Problem details: All lines with the word "Photo" must be pulled from the entries below.

────────────────────────────────────────

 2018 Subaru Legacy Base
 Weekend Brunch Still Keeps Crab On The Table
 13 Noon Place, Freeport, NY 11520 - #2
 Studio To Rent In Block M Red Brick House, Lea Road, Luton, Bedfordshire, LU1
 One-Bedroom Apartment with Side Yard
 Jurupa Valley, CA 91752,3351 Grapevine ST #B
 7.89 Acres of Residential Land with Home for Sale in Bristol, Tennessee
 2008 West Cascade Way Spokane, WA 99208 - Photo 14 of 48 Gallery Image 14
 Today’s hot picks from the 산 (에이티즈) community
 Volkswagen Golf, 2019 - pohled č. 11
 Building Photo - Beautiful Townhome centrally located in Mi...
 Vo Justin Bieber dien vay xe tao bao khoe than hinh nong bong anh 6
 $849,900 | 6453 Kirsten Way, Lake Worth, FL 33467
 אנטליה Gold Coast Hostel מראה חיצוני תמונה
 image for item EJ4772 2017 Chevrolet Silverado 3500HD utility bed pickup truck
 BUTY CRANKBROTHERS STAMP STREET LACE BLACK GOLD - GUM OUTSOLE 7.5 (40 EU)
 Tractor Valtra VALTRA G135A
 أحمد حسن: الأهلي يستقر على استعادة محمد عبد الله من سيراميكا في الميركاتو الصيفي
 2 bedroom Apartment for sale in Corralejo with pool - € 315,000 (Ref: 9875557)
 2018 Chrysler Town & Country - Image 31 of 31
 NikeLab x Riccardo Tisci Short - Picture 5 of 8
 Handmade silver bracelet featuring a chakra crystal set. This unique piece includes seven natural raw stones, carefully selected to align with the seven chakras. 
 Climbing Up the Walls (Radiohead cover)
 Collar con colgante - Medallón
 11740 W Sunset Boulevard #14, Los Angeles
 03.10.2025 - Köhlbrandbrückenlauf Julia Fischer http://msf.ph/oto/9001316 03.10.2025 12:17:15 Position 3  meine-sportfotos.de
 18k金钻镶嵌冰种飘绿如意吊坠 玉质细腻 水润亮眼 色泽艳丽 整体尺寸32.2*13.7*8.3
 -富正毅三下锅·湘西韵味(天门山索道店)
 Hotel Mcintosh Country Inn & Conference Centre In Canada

────────────────────────────────────────

Written reply:
 2008 West Cascade Way Spokane, WA 99208 - Photo 14 of 48 Gallery Image 14
 Building Photo - Beautiful Townhome centrally located in Mi...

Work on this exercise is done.